Spotify

  1. Clarifying Questions:
    • Spotify:
      • Songs/music
      • Playlists
      • Users
      • Artists
      • Podcasts
  2. Use cases:
    • Finding and Playing Music
  3. High Level (Metrics)
    1. Numbers:
      • Users: 1 Billions
      • Songs: 100 million
      • MP3 audio file - 5MB
      • Total audio: 500 TB
      • 3x replication -> 1.5PB
      • 100B per song metadata -> 10 GB songs
      • 1KB per user >> 1TB
  4. Design
    1. Spotify App
    2. Load Balancer
    3. Spotify web-server (multiple)
    4. Database
      • Song Audio DB (AWS s3) files are blob data, immutable. Scales linearly.

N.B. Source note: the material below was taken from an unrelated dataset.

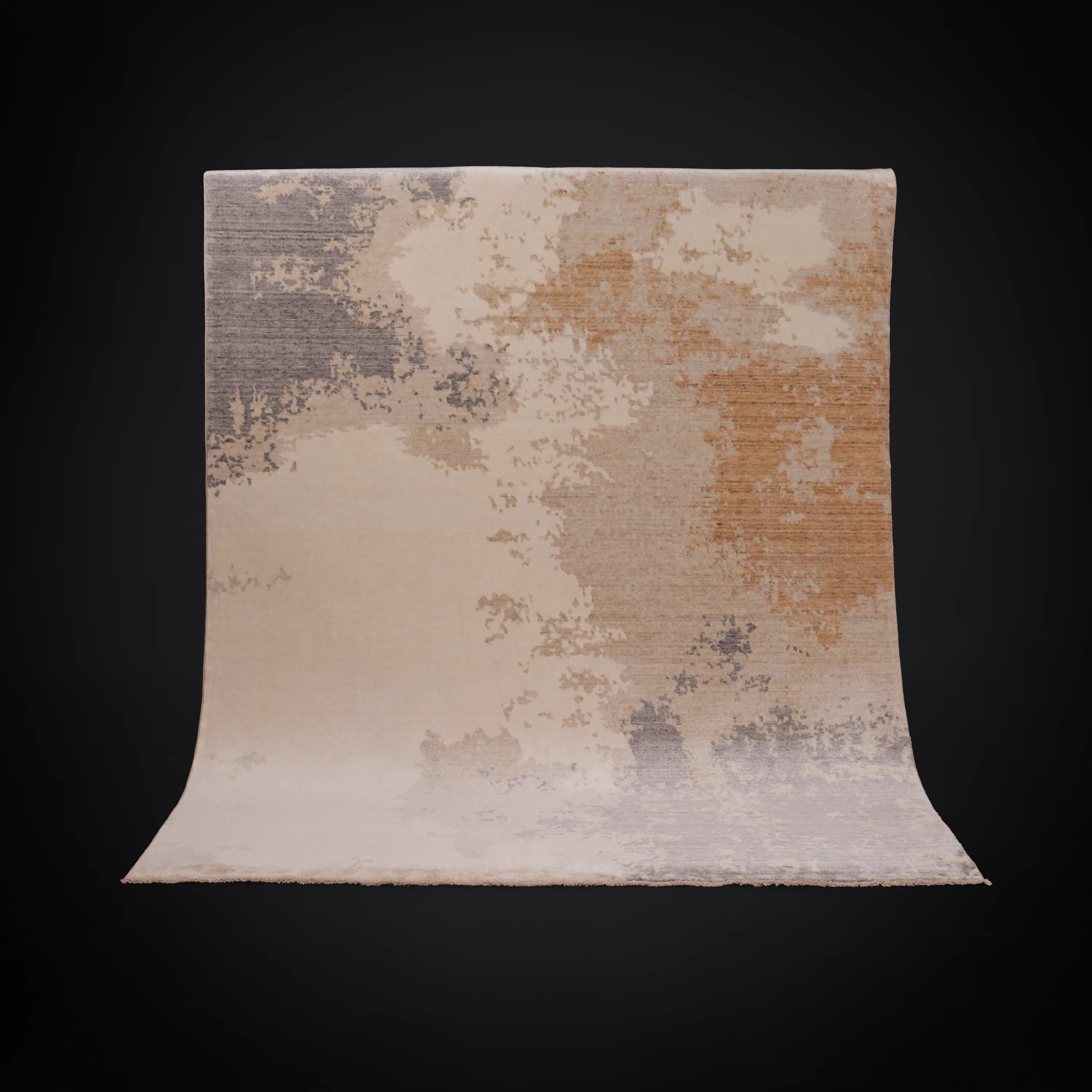 Zima Series Abstract Patterned Cream Loom-Woven Natural Rug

Usually just read data.
        • Song MP3
      • Metadata (users, songs, artists, …) DB (AWS RDS)
        • Songs table:
          • sond_id
          • song_url (sharing)
          • artist
          • genre
          • link to album cover
          • audio link
  5. Run through use case for finding music
    1. Use CDN as cache (AWS cloudfront)
  6. Load balancing
    1. Make sure web servers are not overloaded (a lot of requests coming in, network bandwidth)
    2. Consider multiple metrics when applying load balancers
  7. Replication
    1. For events where we have data outtages
    2. Place replicas close to users. Eg. BTS data close to Korea. Geo-aware strategy of data.